### Work item
The answer should be a number alone: the count of lines in the listing below that include "Shoes".

### Task input
§ §

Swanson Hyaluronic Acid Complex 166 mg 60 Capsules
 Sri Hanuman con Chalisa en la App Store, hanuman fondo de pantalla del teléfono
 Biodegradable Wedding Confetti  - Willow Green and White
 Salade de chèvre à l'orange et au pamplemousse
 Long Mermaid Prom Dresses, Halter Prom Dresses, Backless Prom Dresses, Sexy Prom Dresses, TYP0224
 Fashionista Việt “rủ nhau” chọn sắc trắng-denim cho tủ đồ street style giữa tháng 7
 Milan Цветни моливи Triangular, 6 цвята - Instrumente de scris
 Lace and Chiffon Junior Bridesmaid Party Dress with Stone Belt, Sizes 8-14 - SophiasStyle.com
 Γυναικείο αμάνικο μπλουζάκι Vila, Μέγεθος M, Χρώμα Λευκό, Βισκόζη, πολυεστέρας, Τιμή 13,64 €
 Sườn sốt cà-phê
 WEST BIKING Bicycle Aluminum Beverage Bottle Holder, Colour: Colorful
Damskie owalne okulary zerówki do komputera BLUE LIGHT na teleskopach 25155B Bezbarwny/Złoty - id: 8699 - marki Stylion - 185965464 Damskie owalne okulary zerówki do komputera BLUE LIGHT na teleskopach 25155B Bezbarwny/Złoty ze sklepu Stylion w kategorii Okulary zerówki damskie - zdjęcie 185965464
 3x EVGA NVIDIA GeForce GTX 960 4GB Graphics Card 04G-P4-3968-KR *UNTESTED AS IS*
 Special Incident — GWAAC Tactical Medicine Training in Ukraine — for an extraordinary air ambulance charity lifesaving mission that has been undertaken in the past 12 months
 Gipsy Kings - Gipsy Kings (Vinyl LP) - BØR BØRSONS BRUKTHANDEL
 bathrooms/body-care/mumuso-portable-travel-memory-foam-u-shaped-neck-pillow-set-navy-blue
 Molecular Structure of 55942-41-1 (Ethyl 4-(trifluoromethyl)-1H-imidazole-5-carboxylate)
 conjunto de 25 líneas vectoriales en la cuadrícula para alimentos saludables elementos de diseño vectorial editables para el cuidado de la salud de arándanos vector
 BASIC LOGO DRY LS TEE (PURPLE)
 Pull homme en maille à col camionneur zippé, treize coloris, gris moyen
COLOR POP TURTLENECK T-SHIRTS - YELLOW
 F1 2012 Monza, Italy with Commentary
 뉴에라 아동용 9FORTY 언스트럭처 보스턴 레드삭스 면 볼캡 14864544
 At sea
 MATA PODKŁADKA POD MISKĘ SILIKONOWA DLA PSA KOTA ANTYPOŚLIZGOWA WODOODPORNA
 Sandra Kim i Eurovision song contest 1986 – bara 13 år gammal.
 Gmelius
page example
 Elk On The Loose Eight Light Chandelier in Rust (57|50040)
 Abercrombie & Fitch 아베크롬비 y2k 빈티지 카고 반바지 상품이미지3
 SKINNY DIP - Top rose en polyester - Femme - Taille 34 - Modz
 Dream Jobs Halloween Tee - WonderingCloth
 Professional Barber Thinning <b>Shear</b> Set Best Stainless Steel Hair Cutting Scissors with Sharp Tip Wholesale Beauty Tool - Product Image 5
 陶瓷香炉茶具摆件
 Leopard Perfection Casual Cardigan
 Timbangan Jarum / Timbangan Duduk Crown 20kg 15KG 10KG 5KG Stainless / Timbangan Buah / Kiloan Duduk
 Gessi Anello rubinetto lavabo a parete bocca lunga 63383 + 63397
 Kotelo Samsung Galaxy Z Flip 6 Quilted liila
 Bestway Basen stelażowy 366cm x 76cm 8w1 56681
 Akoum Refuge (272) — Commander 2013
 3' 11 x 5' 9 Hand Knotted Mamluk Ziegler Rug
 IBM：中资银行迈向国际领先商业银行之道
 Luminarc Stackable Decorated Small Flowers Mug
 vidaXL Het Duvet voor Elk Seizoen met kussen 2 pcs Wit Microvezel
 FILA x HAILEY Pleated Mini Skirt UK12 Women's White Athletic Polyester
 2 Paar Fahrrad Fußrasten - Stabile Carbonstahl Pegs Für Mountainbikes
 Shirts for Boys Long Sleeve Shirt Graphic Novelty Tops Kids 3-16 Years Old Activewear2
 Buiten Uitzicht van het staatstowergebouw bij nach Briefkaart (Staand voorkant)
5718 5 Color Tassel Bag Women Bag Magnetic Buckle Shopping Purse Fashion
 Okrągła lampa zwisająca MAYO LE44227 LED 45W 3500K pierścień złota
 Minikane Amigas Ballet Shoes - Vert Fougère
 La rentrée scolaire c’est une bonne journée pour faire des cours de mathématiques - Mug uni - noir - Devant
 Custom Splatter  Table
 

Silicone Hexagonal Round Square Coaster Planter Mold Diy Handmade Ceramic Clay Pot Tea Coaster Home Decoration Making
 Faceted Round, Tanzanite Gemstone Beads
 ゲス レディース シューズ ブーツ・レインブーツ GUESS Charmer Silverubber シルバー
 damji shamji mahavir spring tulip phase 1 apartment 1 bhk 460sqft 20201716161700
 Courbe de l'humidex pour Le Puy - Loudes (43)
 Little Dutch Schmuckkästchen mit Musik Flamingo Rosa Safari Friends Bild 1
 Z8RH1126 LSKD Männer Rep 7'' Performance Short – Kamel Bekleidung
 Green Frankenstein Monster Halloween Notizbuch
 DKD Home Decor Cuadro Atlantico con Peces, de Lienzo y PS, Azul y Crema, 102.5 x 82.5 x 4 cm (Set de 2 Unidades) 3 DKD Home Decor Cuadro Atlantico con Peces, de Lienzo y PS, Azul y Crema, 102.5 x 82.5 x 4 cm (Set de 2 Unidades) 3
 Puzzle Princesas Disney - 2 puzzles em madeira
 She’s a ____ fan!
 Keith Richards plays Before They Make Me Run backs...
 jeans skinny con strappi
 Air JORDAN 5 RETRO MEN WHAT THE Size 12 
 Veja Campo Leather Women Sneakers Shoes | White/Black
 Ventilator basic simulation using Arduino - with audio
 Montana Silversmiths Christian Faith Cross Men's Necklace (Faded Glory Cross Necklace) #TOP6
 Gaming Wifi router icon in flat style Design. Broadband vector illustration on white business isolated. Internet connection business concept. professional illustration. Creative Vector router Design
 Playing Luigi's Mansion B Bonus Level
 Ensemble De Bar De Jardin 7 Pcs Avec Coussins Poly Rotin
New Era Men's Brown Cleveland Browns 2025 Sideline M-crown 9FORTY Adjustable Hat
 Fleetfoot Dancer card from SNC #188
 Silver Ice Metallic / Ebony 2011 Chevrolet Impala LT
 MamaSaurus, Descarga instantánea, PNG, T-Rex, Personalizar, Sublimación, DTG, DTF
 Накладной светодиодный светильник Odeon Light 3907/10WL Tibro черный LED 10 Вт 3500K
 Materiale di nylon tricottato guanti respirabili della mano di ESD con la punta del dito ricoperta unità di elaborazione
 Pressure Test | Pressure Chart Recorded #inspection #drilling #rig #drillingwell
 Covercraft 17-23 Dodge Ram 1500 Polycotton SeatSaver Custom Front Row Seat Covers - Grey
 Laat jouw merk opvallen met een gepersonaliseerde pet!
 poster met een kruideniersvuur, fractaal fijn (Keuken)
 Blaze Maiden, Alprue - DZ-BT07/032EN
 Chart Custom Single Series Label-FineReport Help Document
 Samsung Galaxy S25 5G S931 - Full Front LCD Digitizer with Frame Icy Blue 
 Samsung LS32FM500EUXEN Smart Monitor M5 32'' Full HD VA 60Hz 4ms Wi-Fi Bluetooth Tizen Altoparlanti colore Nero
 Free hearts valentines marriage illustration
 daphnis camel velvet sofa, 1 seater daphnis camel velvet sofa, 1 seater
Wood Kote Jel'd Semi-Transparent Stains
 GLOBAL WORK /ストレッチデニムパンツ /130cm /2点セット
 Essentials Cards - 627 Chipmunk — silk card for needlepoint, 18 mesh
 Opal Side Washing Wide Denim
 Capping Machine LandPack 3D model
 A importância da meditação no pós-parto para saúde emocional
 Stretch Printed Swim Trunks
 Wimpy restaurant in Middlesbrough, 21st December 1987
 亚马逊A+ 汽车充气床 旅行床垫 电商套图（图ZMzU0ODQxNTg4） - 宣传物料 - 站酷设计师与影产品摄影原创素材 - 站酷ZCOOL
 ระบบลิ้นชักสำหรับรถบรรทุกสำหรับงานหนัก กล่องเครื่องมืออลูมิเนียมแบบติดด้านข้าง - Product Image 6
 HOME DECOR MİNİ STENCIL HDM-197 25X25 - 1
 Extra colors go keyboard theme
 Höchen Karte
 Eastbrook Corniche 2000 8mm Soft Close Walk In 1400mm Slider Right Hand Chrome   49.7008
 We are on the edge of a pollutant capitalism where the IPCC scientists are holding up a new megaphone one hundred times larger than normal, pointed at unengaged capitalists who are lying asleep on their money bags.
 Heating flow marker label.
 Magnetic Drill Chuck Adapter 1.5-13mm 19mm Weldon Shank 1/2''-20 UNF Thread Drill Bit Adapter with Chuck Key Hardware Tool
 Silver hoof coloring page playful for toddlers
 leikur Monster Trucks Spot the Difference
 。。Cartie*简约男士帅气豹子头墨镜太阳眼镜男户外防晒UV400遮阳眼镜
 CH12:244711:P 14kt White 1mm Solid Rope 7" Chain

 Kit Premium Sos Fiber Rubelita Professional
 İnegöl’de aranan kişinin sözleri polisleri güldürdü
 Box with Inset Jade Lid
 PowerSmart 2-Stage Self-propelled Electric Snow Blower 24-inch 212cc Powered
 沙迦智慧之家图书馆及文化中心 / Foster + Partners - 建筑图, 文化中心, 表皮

§ §

### Result of the task
2